Set down each line from the line holding "2566-2578 Jackson Street" to the last line of the entries below, exactly, with both ends included and without pictures.

===============

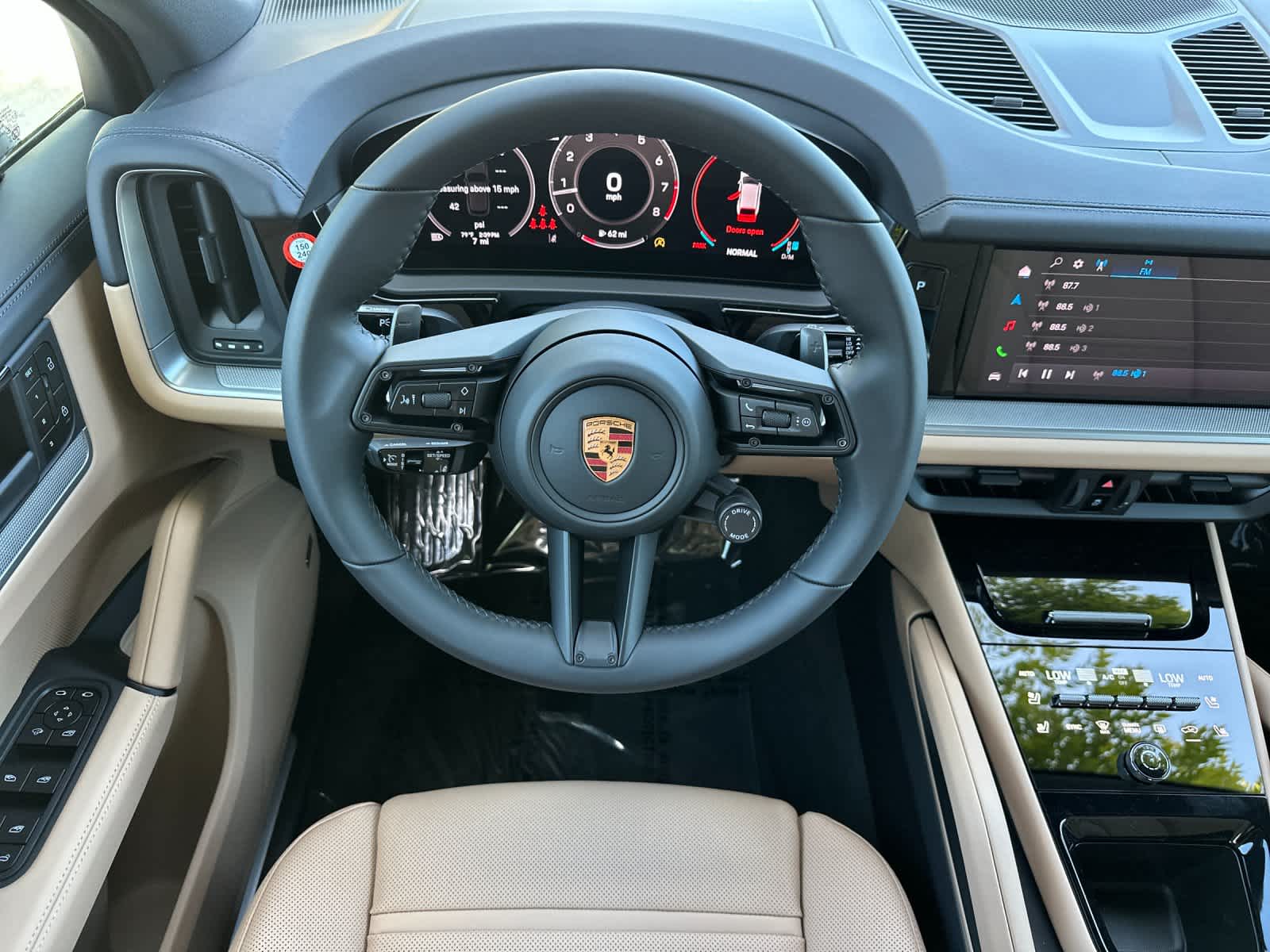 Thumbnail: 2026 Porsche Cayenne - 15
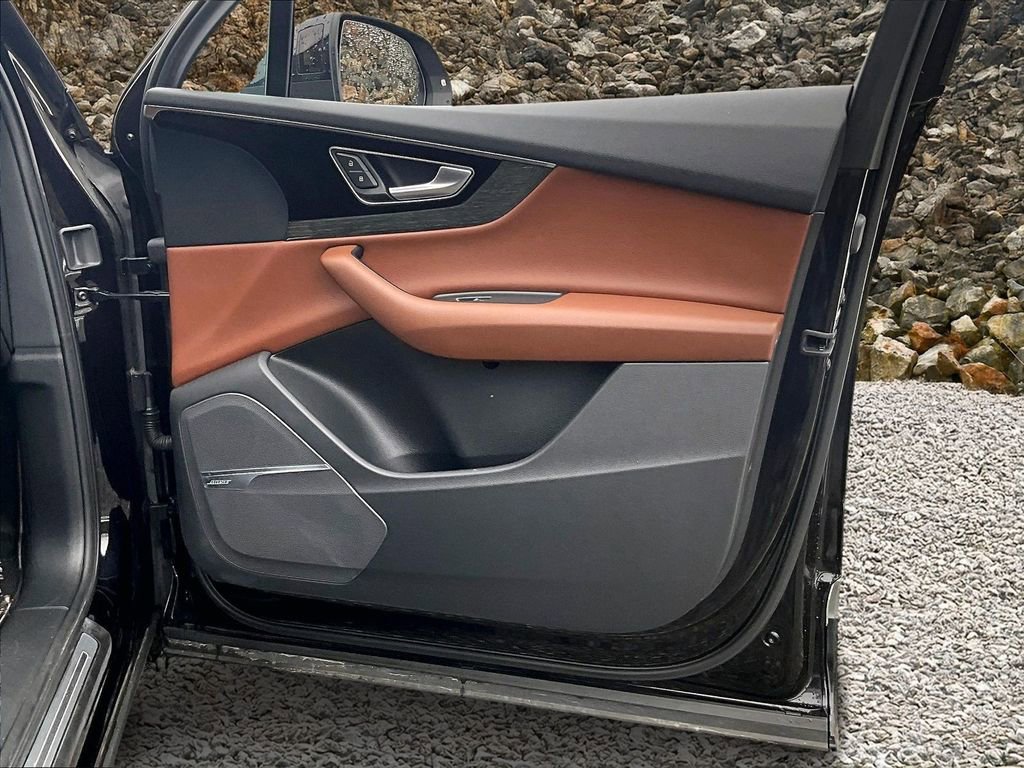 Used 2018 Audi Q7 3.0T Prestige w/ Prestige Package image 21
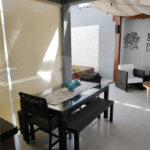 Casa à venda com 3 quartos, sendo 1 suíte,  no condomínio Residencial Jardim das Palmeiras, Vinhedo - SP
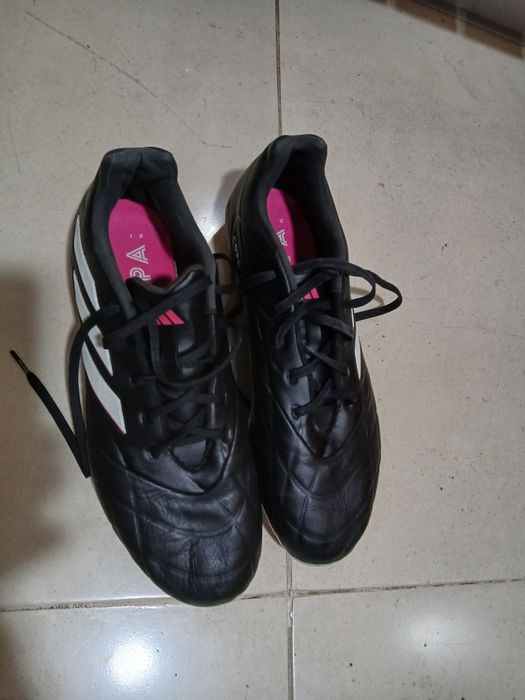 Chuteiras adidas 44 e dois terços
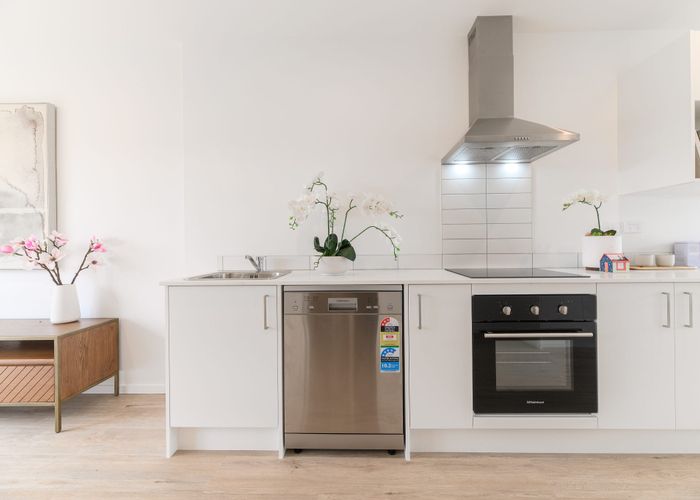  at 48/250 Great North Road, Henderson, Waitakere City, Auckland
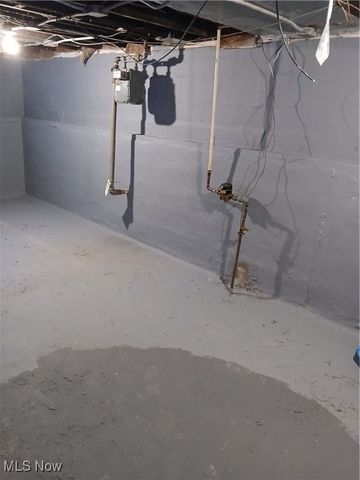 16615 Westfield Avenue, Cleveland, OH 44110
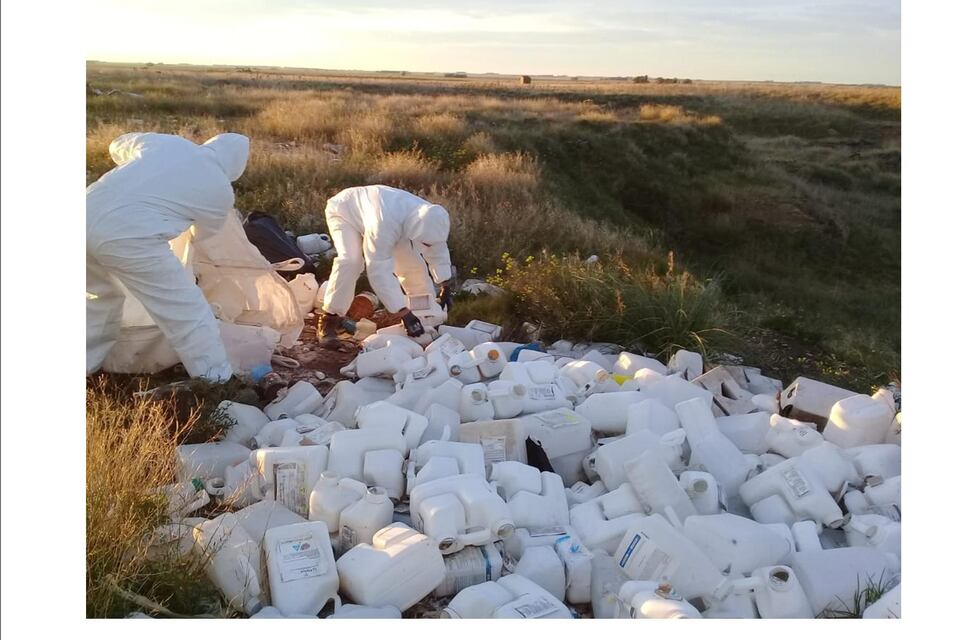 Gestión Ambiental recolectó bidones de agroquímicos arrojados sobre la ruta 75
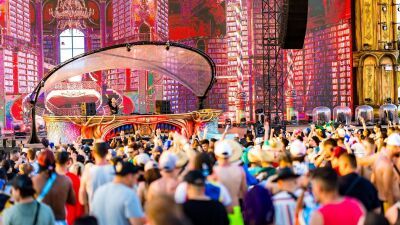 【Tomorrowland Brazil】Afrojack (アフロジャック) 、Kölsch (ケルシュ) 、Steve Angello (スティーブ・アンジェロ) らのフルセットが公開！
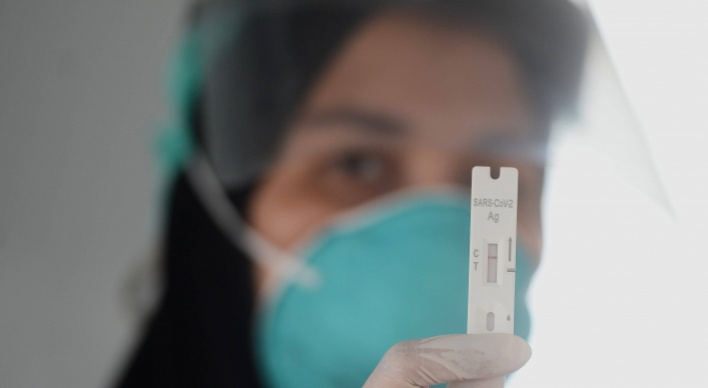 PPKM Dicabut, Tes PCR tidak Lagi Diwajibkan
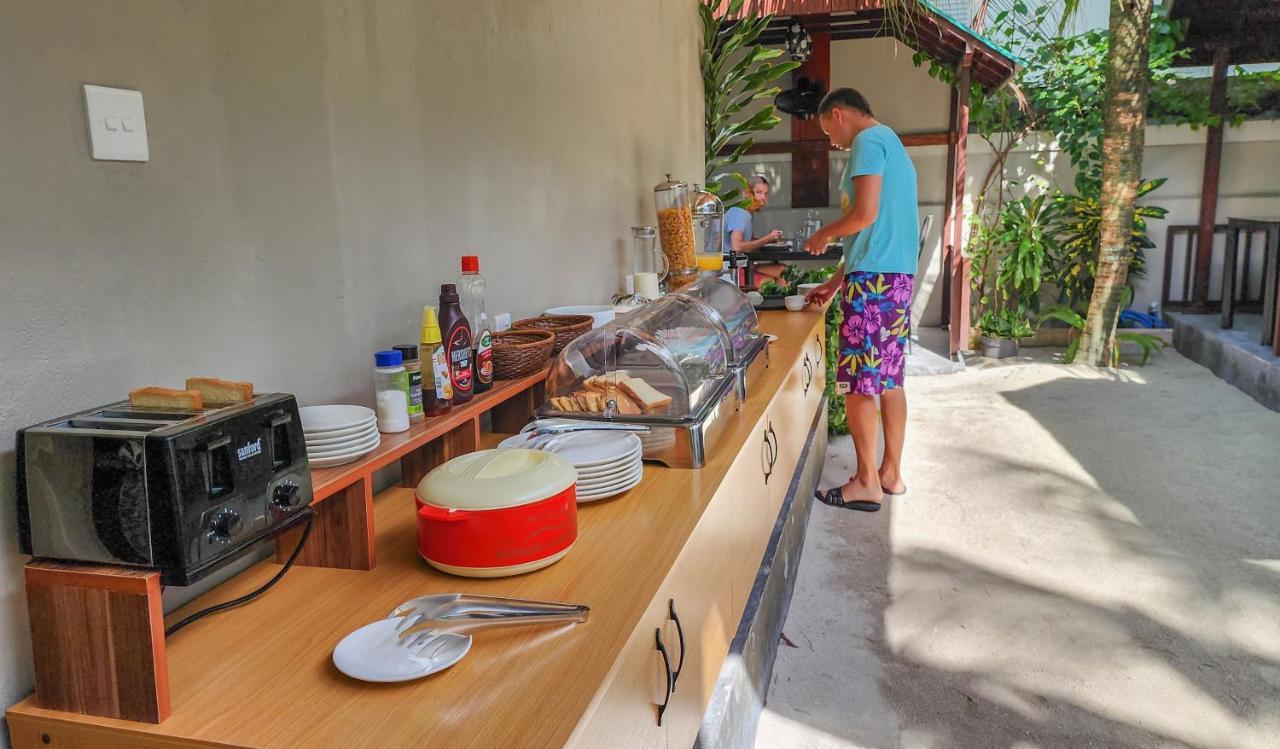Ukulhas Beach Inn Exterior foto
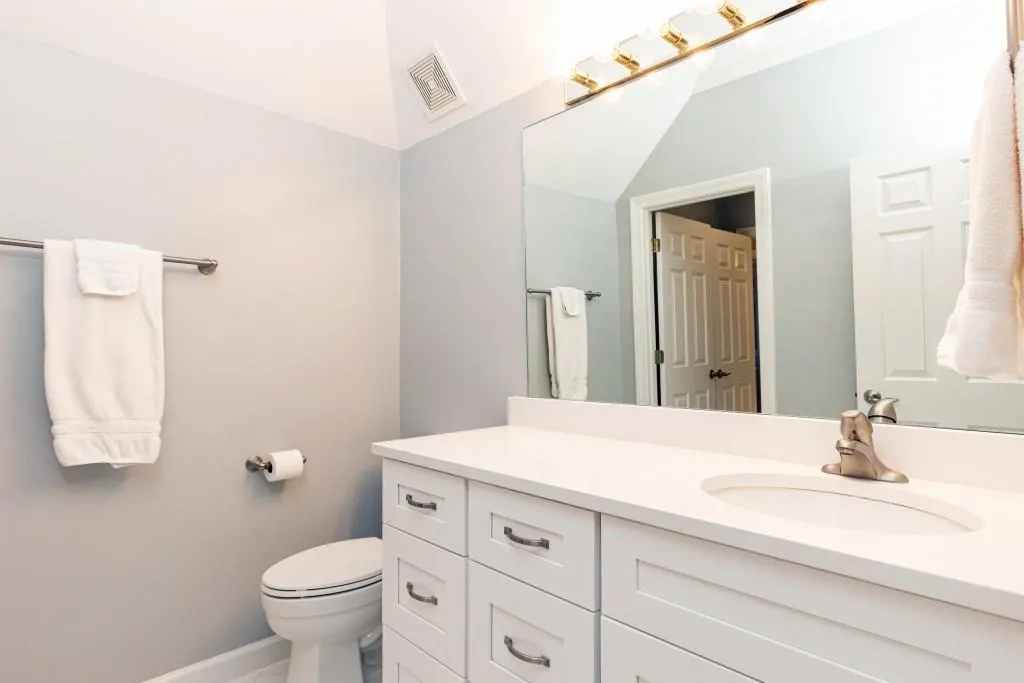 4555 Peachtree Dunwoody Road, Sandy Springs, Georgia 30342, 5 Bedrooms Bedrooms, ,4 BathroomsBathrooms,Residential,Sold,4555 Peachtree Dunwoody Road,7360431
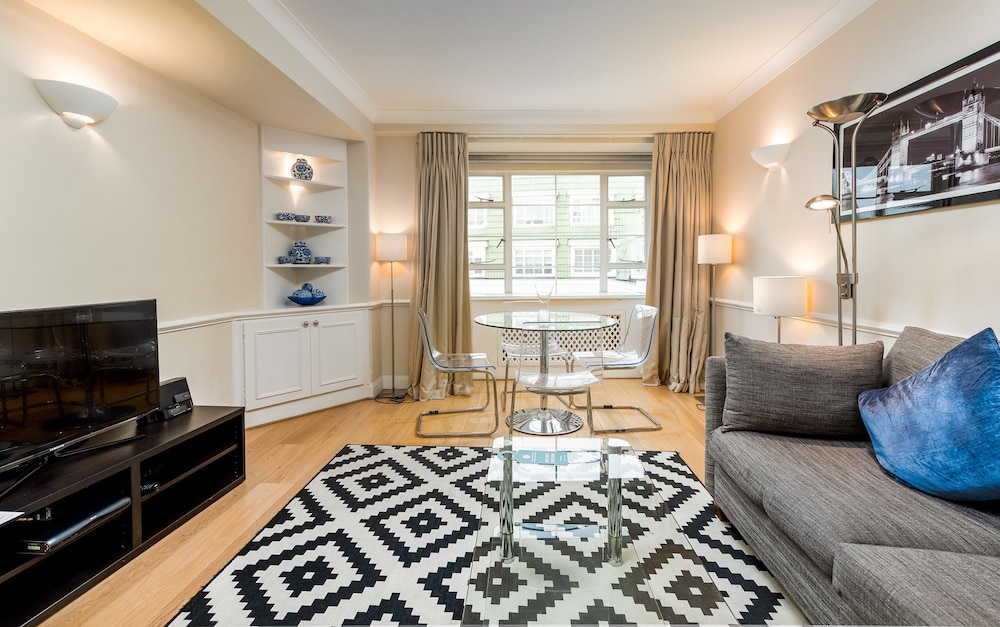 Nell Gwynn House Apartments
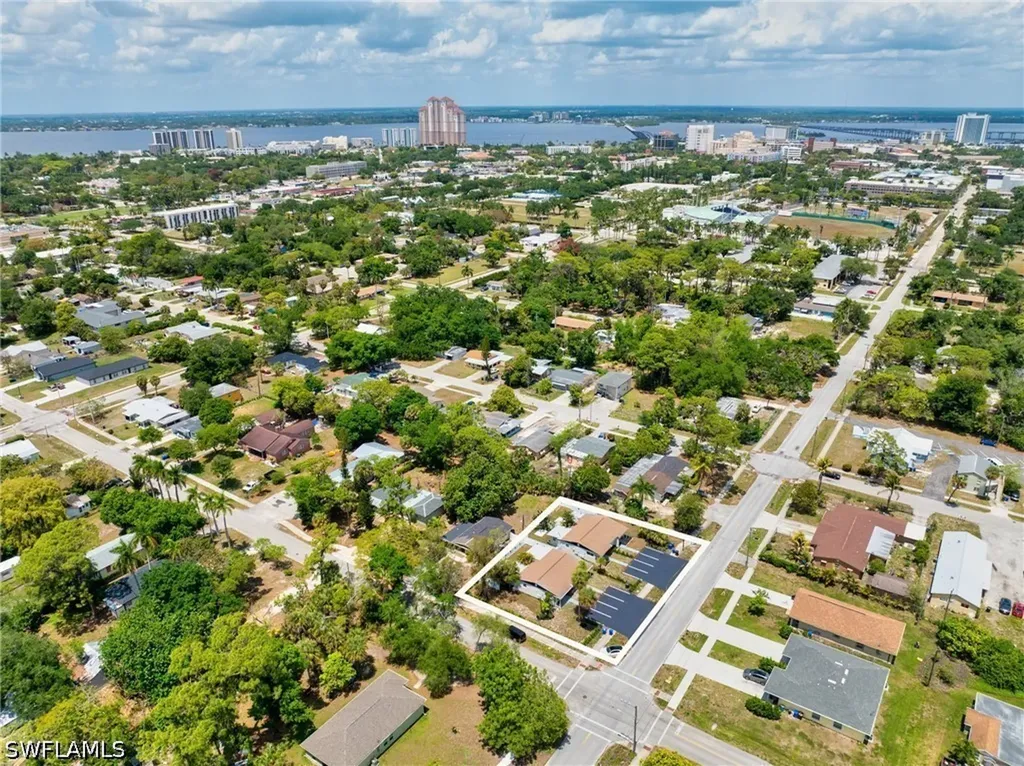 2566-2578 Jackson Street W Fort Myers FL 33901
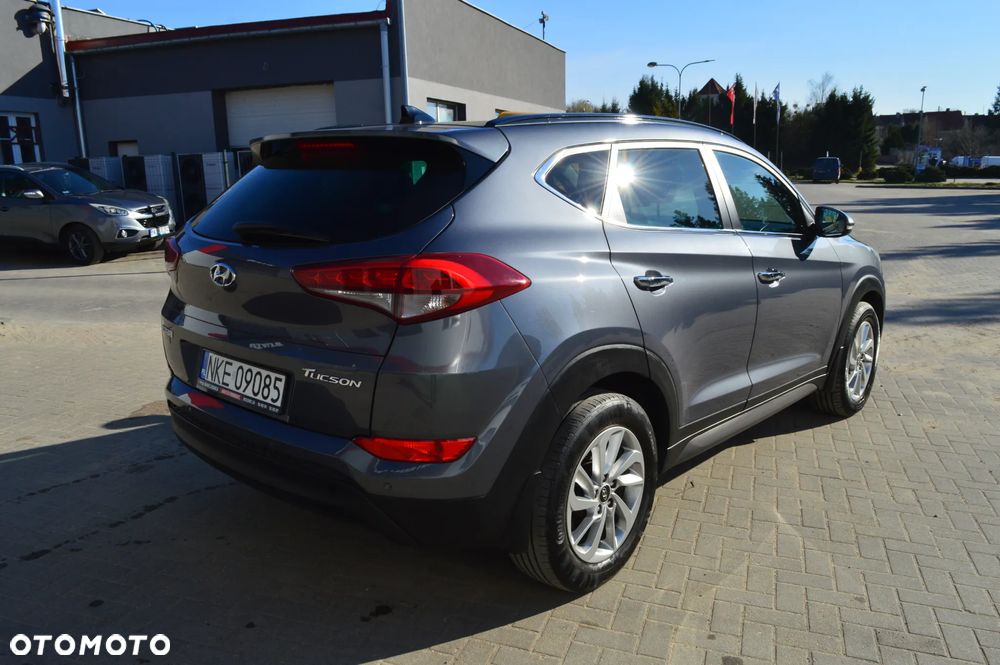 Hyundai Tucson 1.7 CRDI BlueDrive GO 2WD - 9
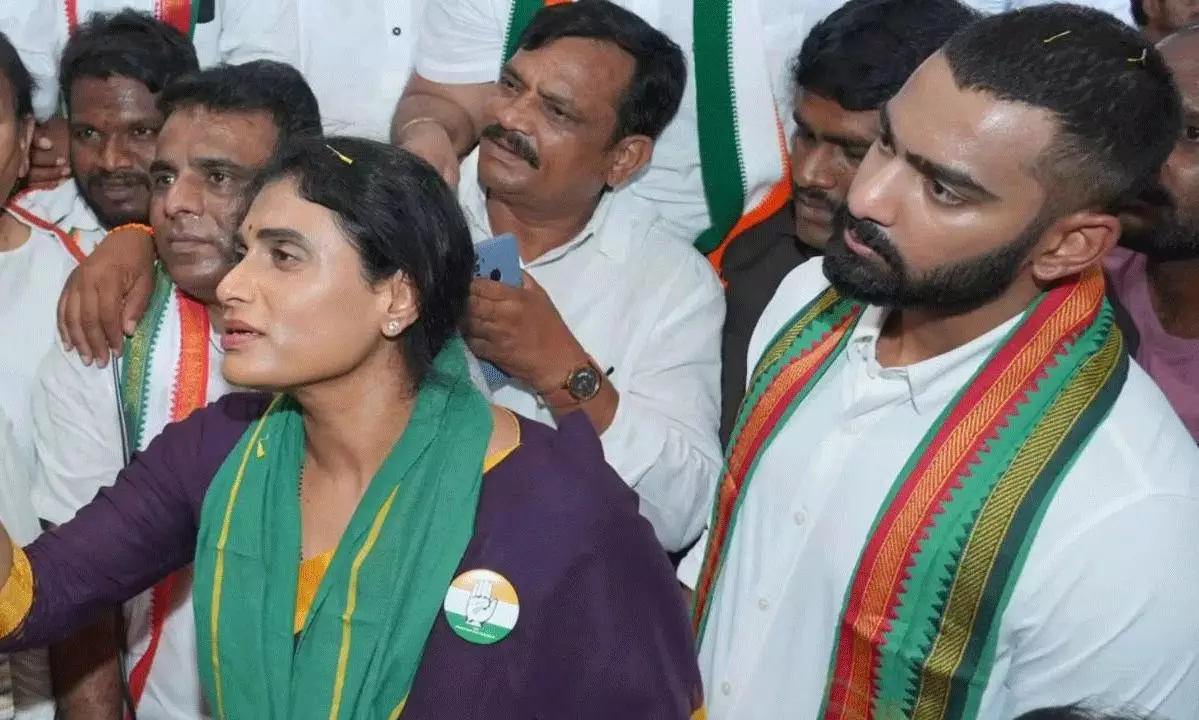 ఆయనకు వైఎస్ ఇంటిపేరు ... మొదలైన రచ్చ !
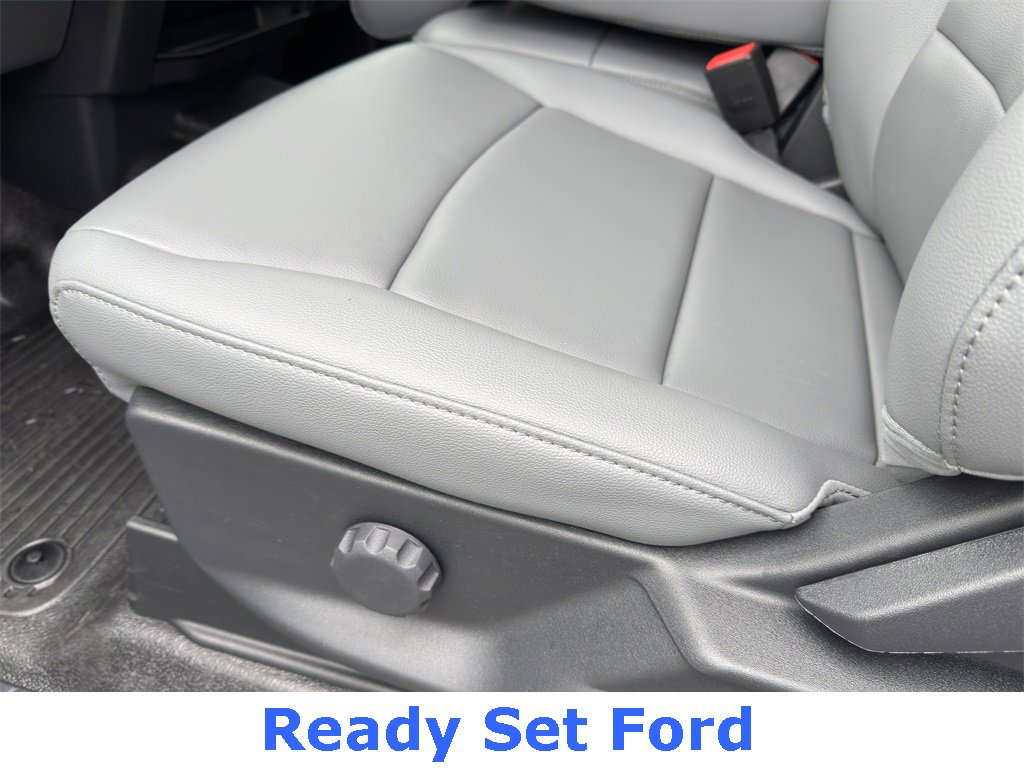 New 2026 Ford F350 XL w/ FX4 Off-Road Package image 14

===============

- ANSWER TO THIS EXERCISE -
 2566-2578 Jackson Street W Fort Myers FL 33901
 Hyundai Tucson 1.7 CRDI BlueDrive GO 2WD - 9
 ఆయనకు వైఎస్ ఇంటిపేరు ... మొదలైన రచ్చ !
 New 2026 Ford F350 XL w/ FX4 Off-Road Package image 14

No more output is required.